ABOUT THIS TASK: Everything in the listing below needs restating exactly, apart from the pictures.

==== LISTED ENTRIES ====

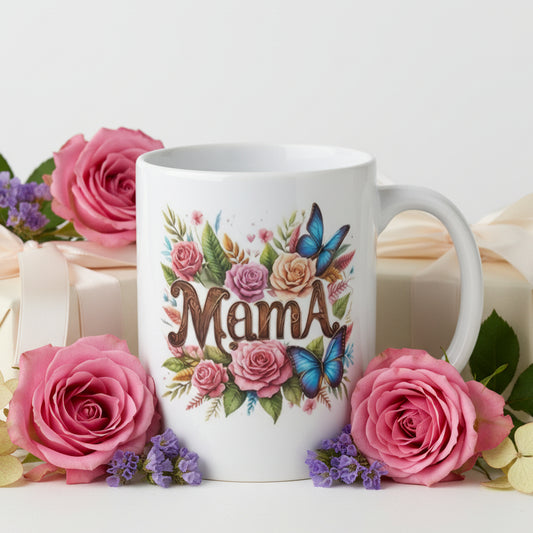 Mama Blue Morpho Butterfly Rose Bouquet Mug - Radiant Beauty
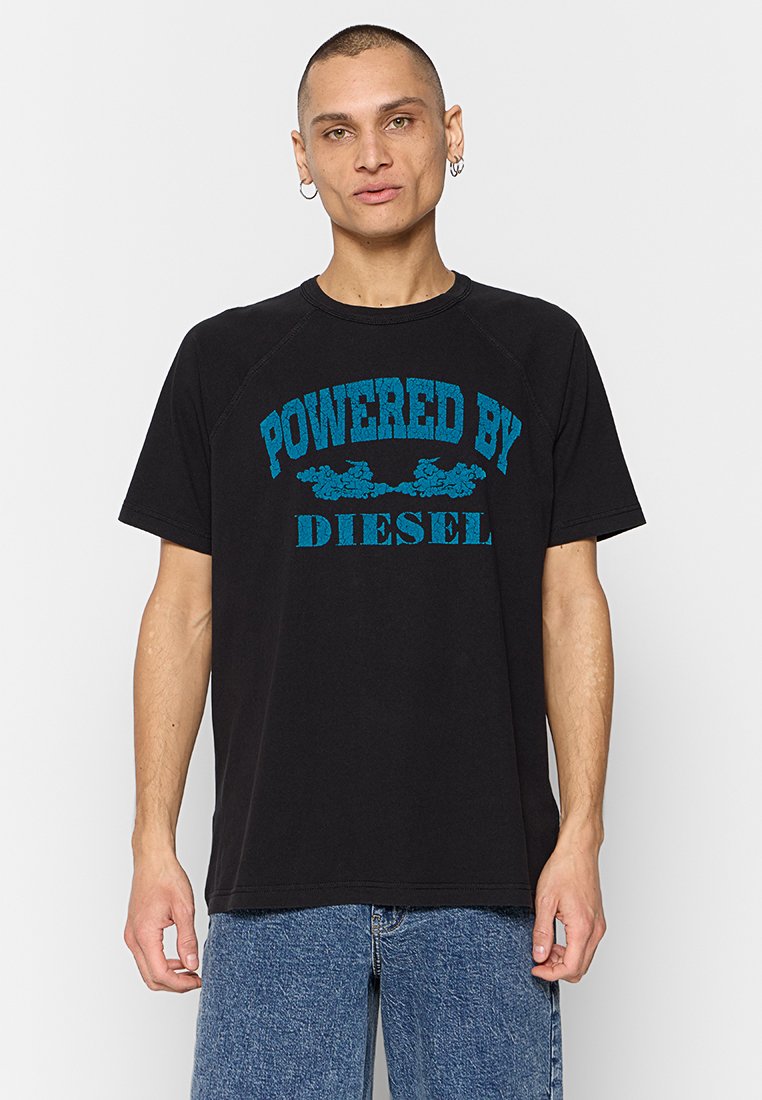 Diesel T-shirt print zwart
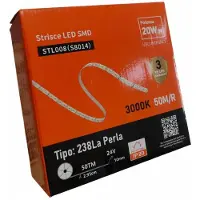 SOLOLED Professioneller 50-Meter-LED-Streifen für den Innenbereich - Warmweiß (3000 K), 24 V, 2640 lm/m, Schutzart IP20 - 2,95 cm Schnittlänge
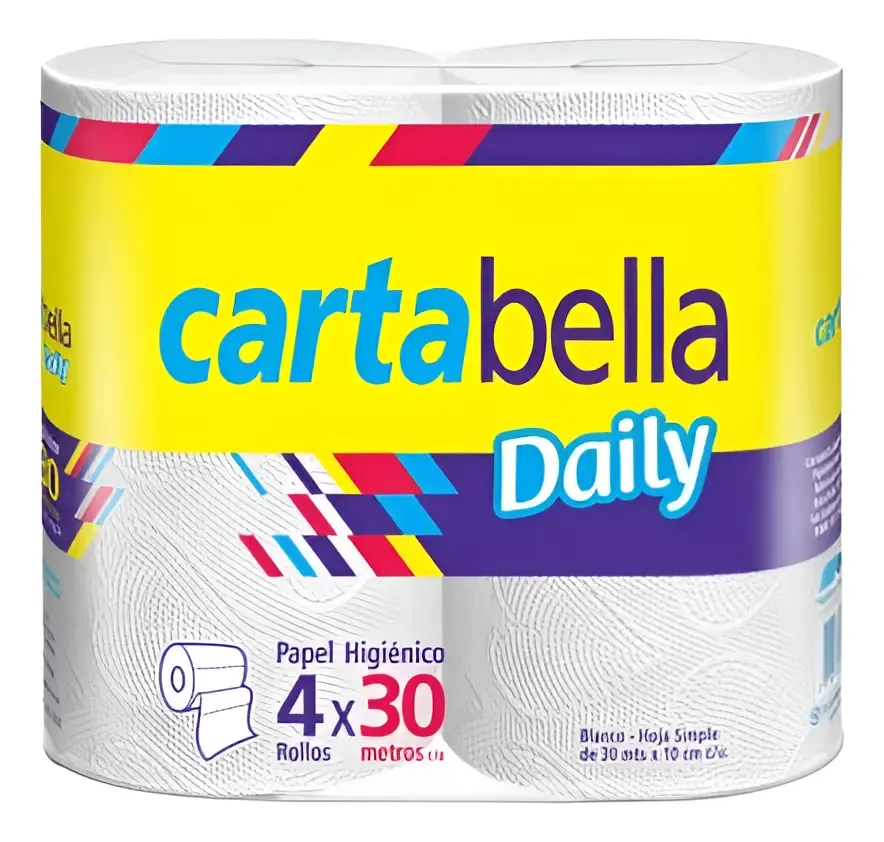 PAPEL HIG. CARTABELLA BCO 12*4*30MTS SIMPLE HOJA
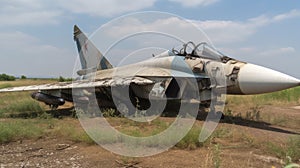 The Destroyed Fighter Plane in a conflic zone.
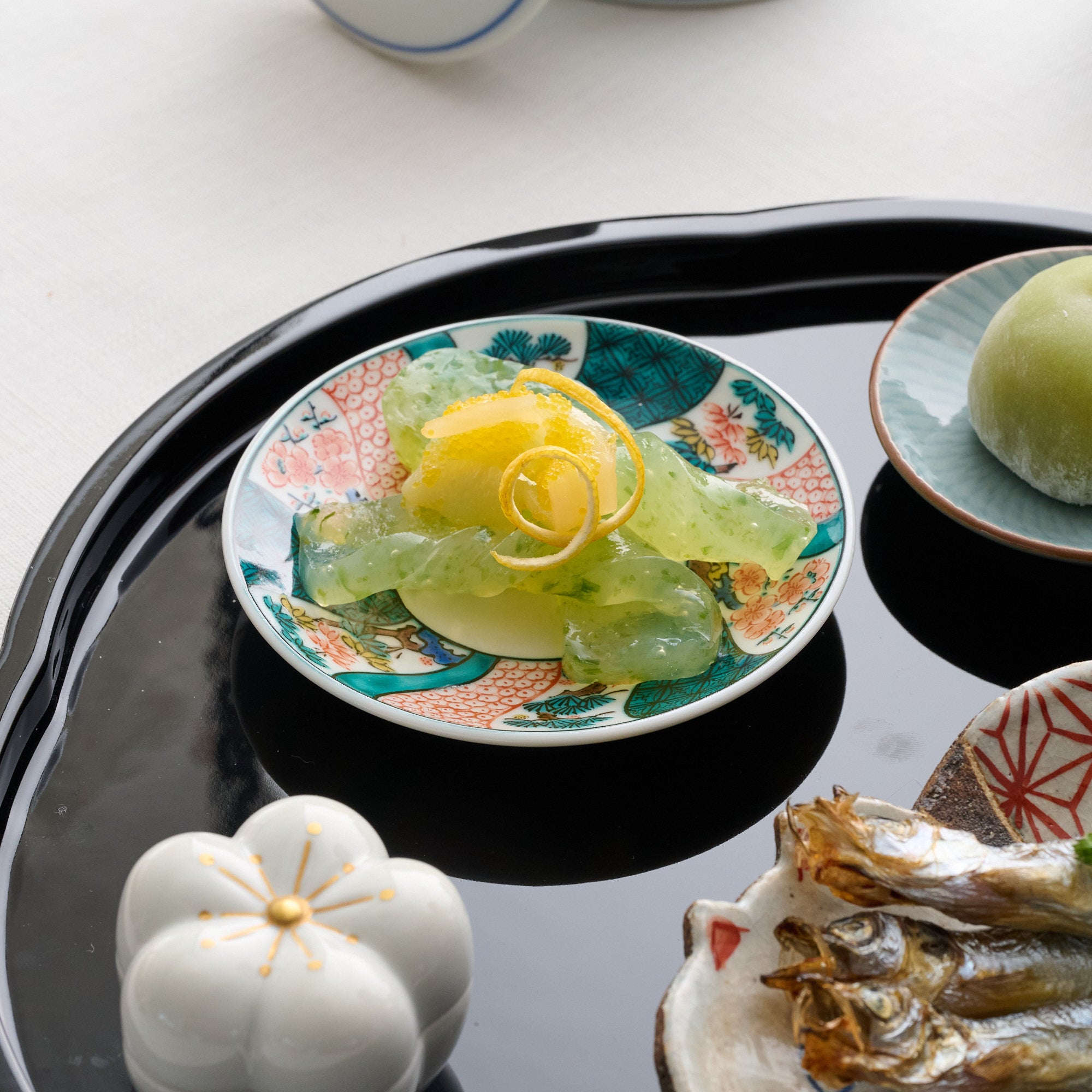 Kutani Art Heritage Designs Sauce Plate Set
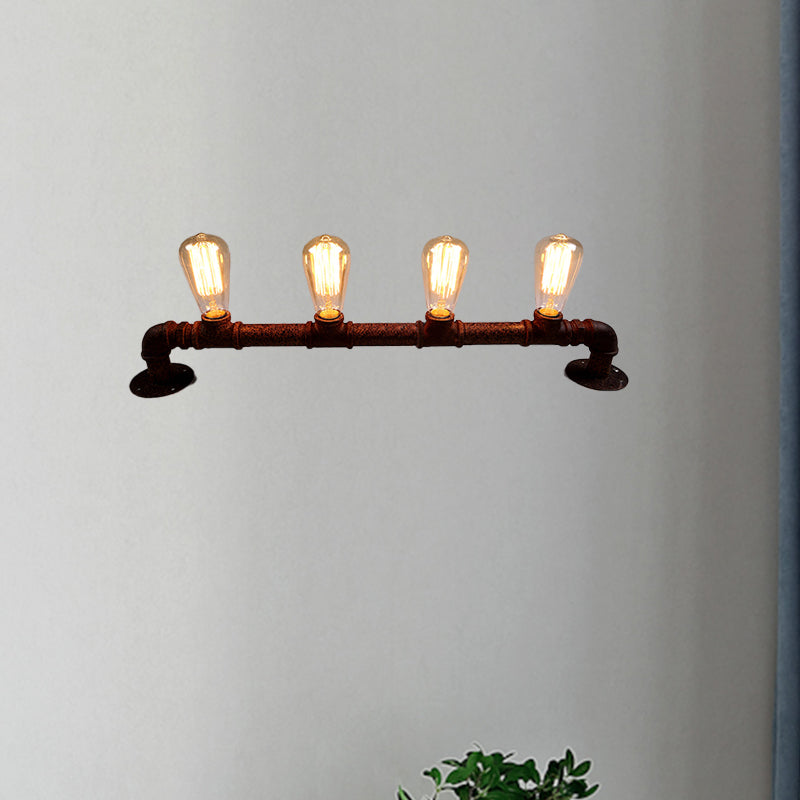 Industrial Style Wall Sconce with Pipe Design - 4 Bulb Linear Mount - Black/Bronze Finish for Kitchen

====

YOUR SOLUTION:
 Mama Blue Morpho Butterfly Rose Bouquet Mug - Radiant Beauty
 Diesel T-shirt print zwart
 SOLOLED Professioneller 50-Meter-LED-Streifen für den Innenbereich - Warmweiß (3000 K), 24 V, 2640 lm/m, Schutzart IP20 - 2,95 cm Schnittlänge
 PAPEL HIG. CARTABELLA BCO 12*4*30MTS SIMPLE HOJA
 The Destroyed Fighter Plane in a conflic zone.
 Kutani Art Heritage Designs Sauce Plate Set
 Industrial Style Wall Sconce with Pipe Design - 4 Bulb Linear Mount - Black/Bronze Finish for Kitchen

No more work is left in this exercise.